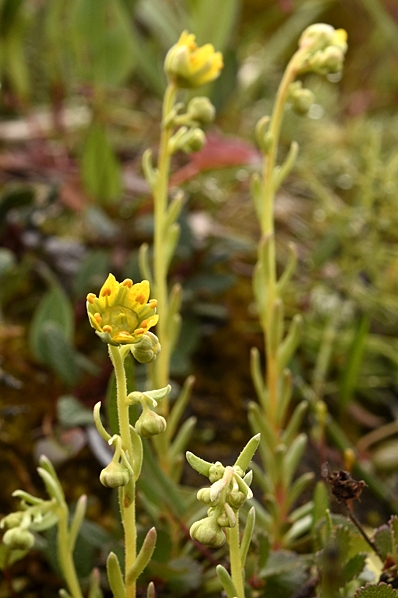 Gullbräcka, Saxifraga aizoides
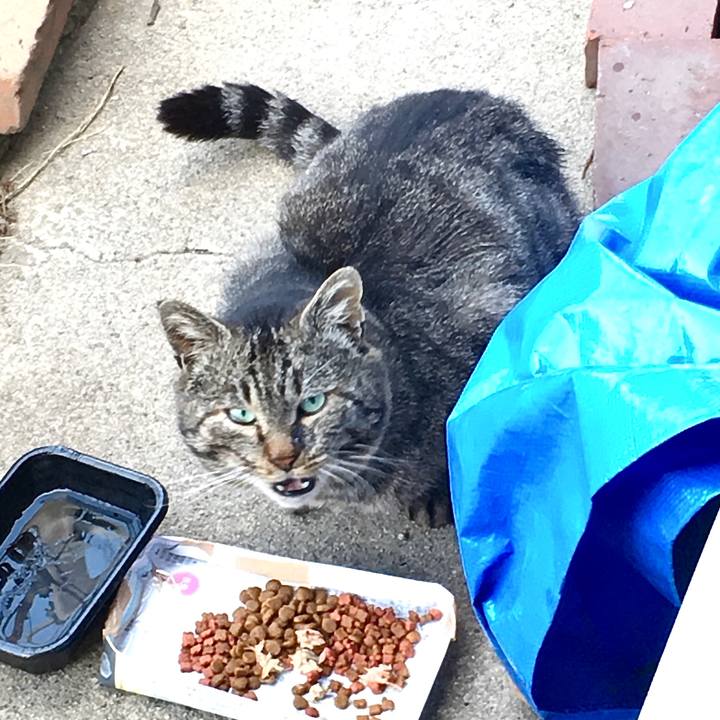 08158b8a 3aad 4811 8862 a92bda2dfec5 1615351631819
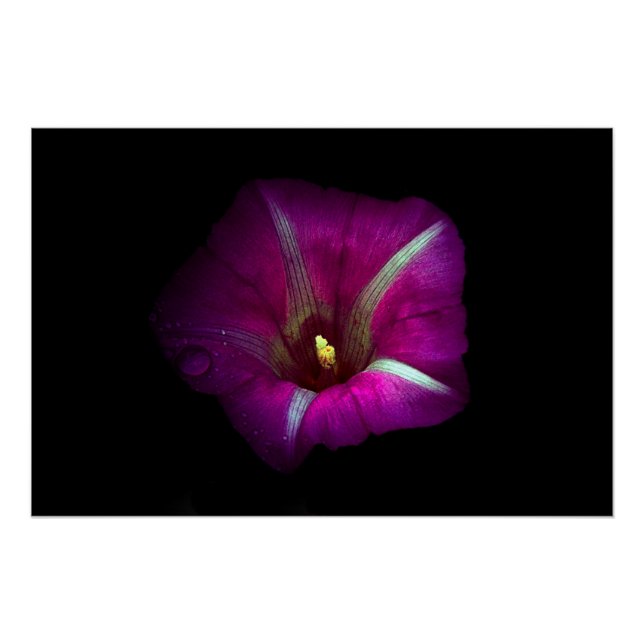Morning Glory Flower Poster (Front)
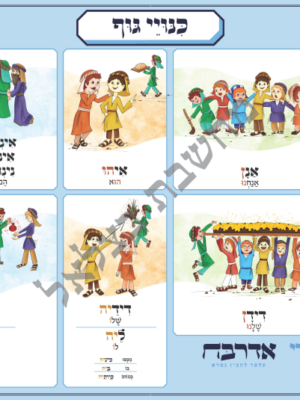 כנויי גוף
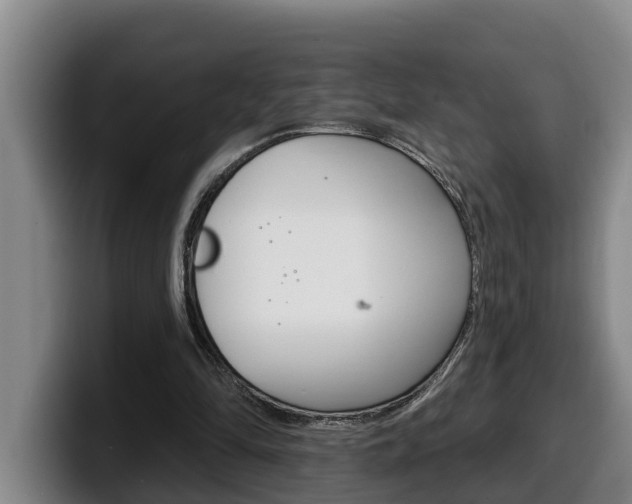 X0000100320294200806051356
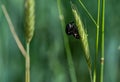 Closeup shot of a bug on the wheatgrass in the forest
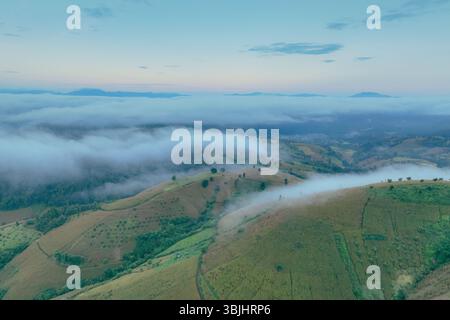 Ruhiger Blick aus der Vogelperspektive auf die grünen Hügel, die im Morgennebel bei Sonnenaufgang bedeckt sind. Friedliche Landschaft in landschaftlich reizvoller Landschaft, ideal für Natur, Wellness Stockfoto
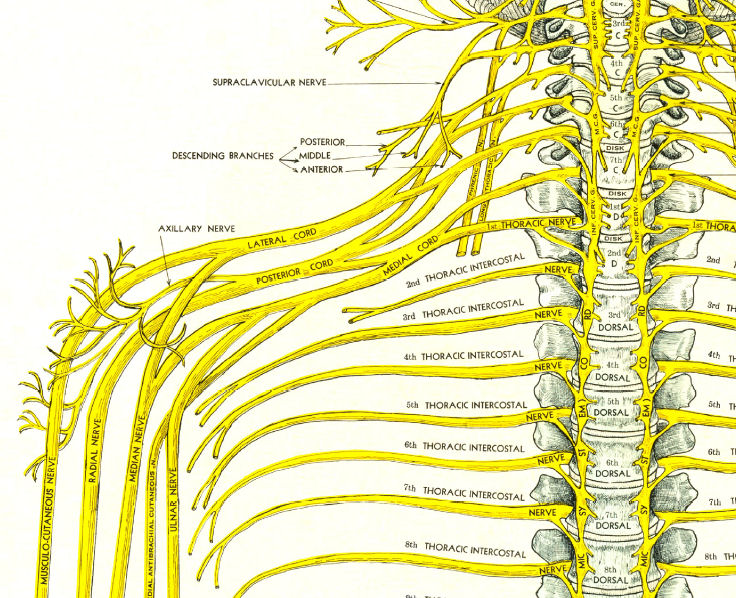 Spinal Nerves and Subluxations Poster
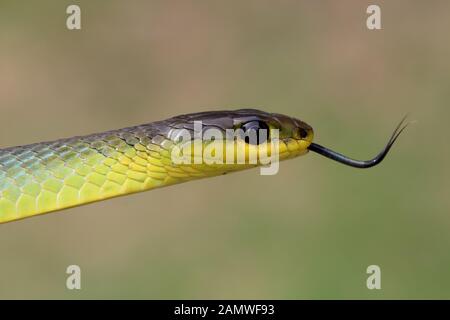 Common Tree Snake schmeckt die Luft mit der Zunge Stockfoto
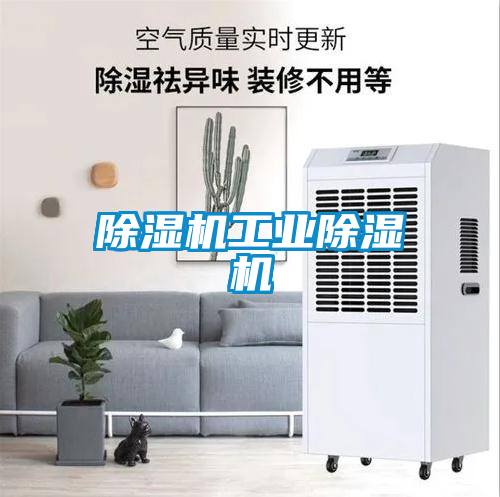 除湿机星空娱乐彩票是什么网站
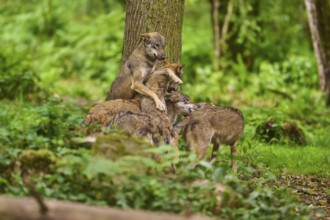 Wolf (Canis lupus), a group of wolves playing in a clearing, Germany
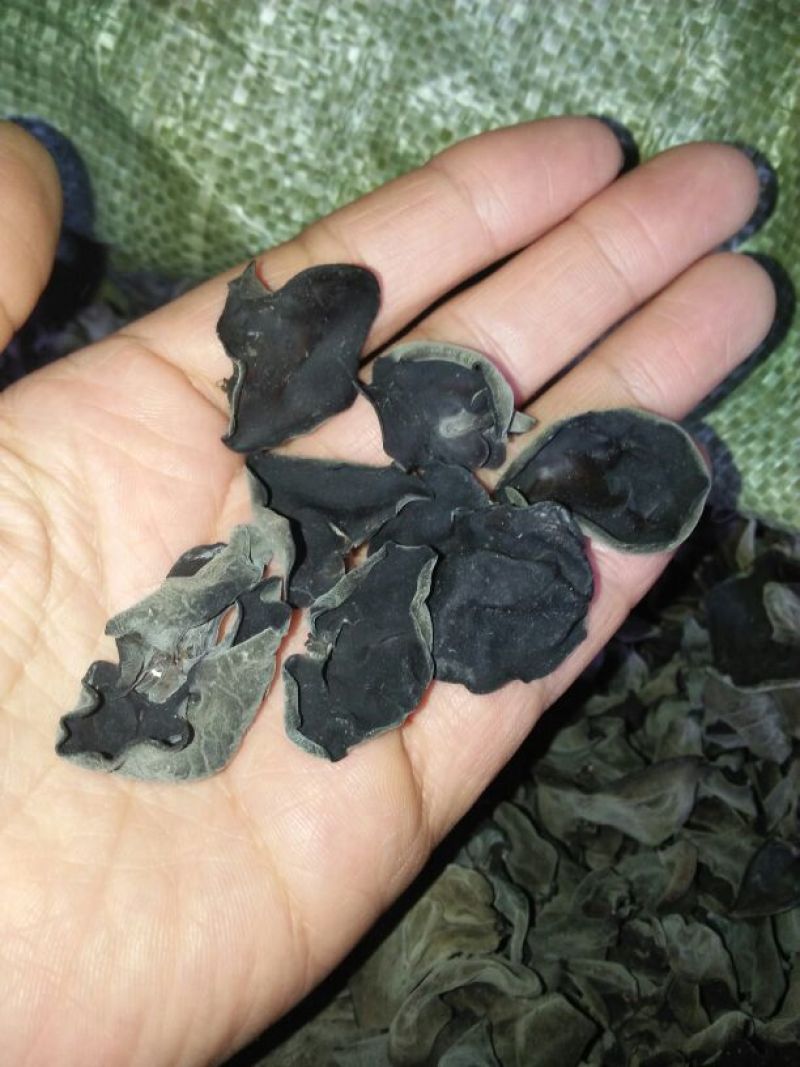 干木耳特级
#####
Problem to work on: The answer should contain only the lines from the beginning of the material above through the line with "Spinal Nerves and Subluxations Poster", retyped exactly, with the pictures removed.

Finished task:
 Gullbräcka, Saxifraga aizoides
 08158b8a 3aad 4811 8862 a92bda2dfec5 1615351631819
Morning Glory Flower Poster (Front)
 כנויי גוף
 X0000100320294200806051356
 Closeup shot of a bug on the wheatgrass in the forest
 Ruhiger Blick aus der Vogelperspektive auf die grünen Hügel, die im Morgennebel bei Sonnenaufgang bedeckt sind. Friedliche Landschaft in landschaftlich reizvoller Landschaft, ideal für Natur, Wellness Stockfoto
 Spinal Nerves and Subluxations Poster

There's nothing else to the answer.